Zainut menguraikan, bisa menjadi terlalu liberal bila hanya berpegang pada demokrasi dan hak asasi manusia saja. Contohnya, muncul kasus perkawinan laki-laki dengan laki-laki atas naman hak asasi, tapi jika ditelaah justru tidak sesuai norma maupun kepatutan sebab ada sesuatu yang tidak semestinya.

“Radikal artinya menafasirkan teks-teks ayat itu sesuai dengan teksnya atau menafsirkan ayat tidak sesuai kontesknya akan melahirkan paham ekstrim.
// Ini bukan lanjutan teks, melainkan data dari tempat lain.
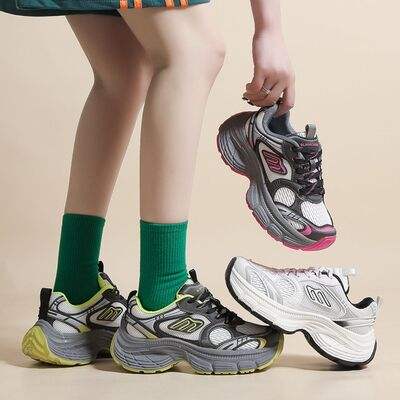 Letter Lace-Up Round Toe Athletic Shoes - Trendsi - Flyclothing LLC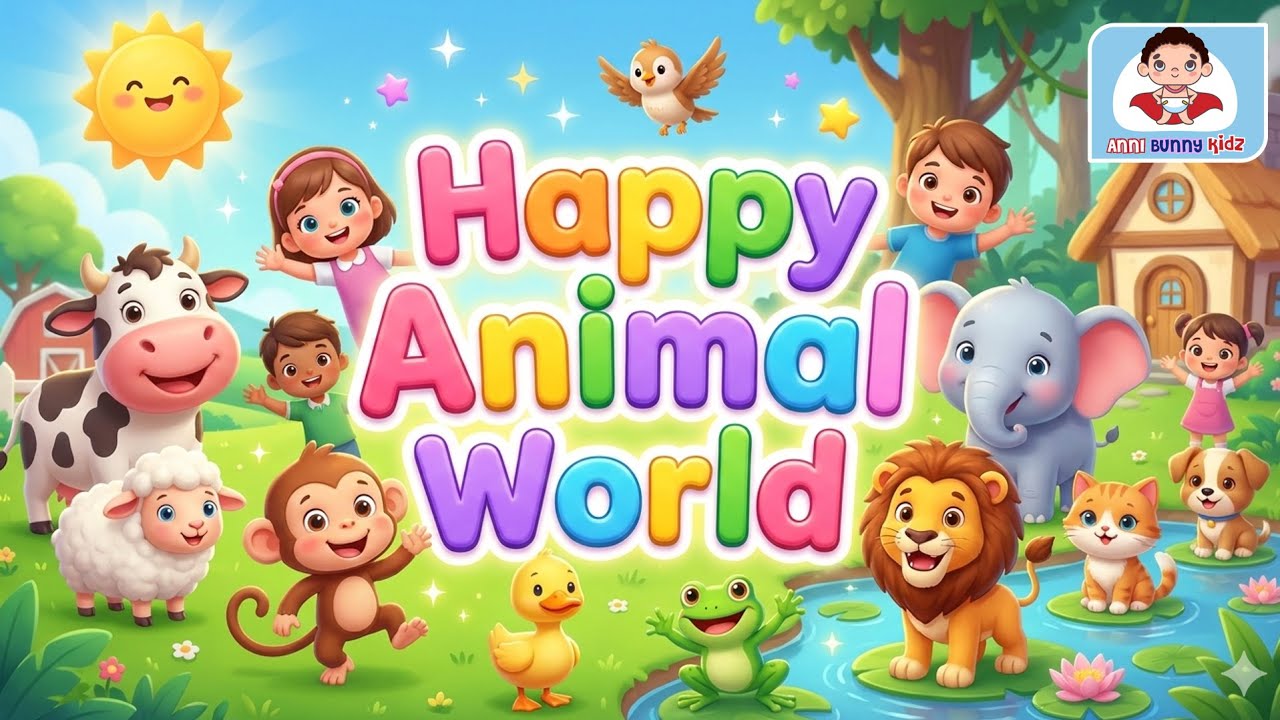 Happy Animal World | Fun Animal Rhymes for Kids | Kids Rhyme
Misalnya jihad itu hanya dimaknai sebagai perang saja, padahal di negara damai, darussalam seperti Indonesia belum tentu cocok diterapkan. Namun di sini jihad harus dimaknai dengan makna yang lain, yaitu perang melawan kemiskinan, perang melawan kebodohan, perang melawan penindasan dan sebagainya,”katanya.

Sebenarnya, yang harus dipahami terhadap paham radikalisme itu adalah paham yang tidak hanya bersumber dari agama, radikalisme bisa bersumber dari yang lain. Setidaknya ada muatan yang disebut sebagai radikalisme, pertama dia menistakan nilai-nilai kemanusiaan, misalnya melakukan teror, melakukan bom bunuh diri. Kemudian mengingkari kesepakatan nasional yang sudah disepakati bangsa Indonesia, yaitu berdasarkan Pancasila dan nilai-nilai UUD 1945.

“Kebhinekaan dan NKRI itu merupakan kesepakatan nasional dan harus menjadi komitmen bersama. Kalau ada paham yang menolak Pancasila kemudian tidak mengakui UUD 1945 inilah yang masuk kategori paham radikal. Selain itu, paham yang merasa kelompoknya paling benar, sementara yang lain itu salah atau sesat juga masuk dalam kategori radikal,”katanya.

Kepala MAN Temanggung Khoironi Hadi mengapresiasi kedatangan Wamenag di sekolahnya untuk memberikan pembinaan kepada ratusan ASN karena hal itu sangat penting. Kehadiran Zainut setidaknya memberikan suntikan semangat dan berpikir jernih. Selain itu, kedatangan orang nomor dua di Kementerian Agama RI tersebut untuk meninjau pembangunan di sekolah yang dipimpinnya.

Kepala Kanwil Kemenag Jateng Musta’in Ahmad menuturkan di era disurbsi ini tingkat kompetisi lebih ketat sehingga ASN harus semakin kreatif, terutama dengan perkembangan tekhnologi. Kepala Kemenag Temanggung Ahmad Muhdzir mengatakan, pada kesempatan ini dilaunching Sekolah Moderasi Remaja yang diharapkan dapat melahirkan generasi emas pengamal Alqur’an dan sunnah, toleran, cinta damai, berkarakter.